Data for the task
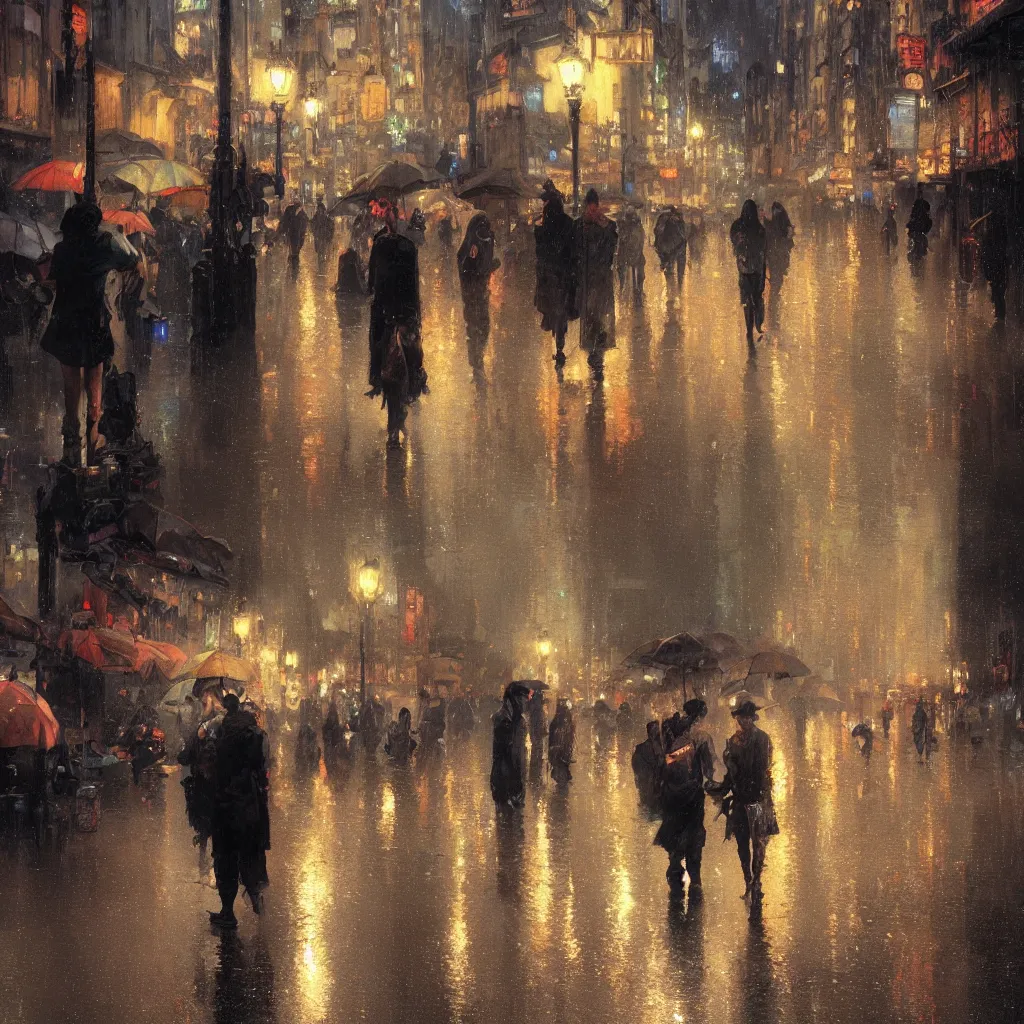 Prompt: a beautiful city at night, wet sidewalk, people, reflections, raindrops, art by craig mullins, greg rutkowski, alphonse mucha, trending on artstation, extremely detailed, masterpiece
* * *
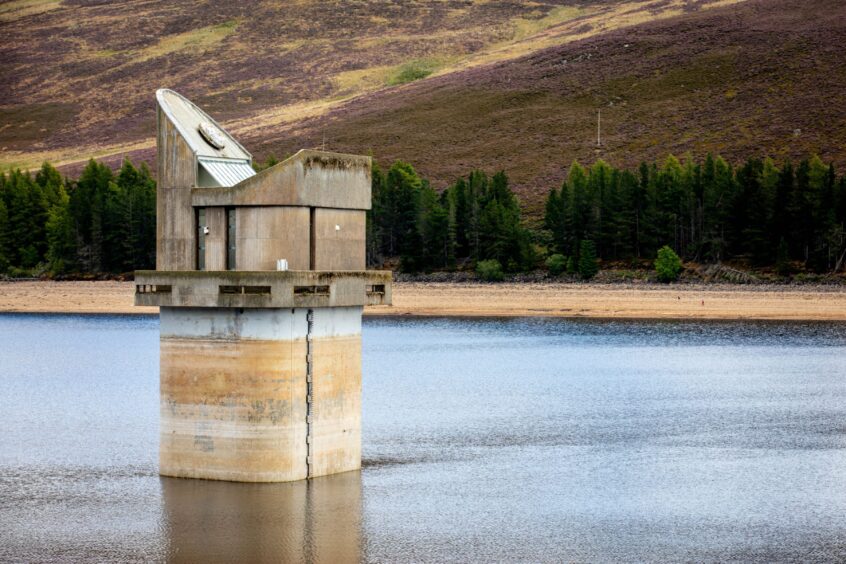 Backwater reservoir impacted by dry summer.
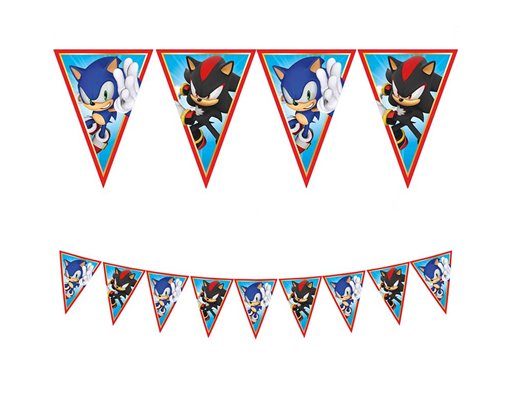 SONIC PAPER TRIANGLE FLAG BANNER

Assigned task
Reproduce exactly the lines above that run from the one with "Backwater reservoir impacted by dry summer." to the one with "SONIC PAPER TRIANGLE FLAG BANNER", both included, leaving pictures out.

Problem solution
 Backwater reservoir impacted by dry summer.
 SONIC PAPER TRIANGLE FLAG BANNER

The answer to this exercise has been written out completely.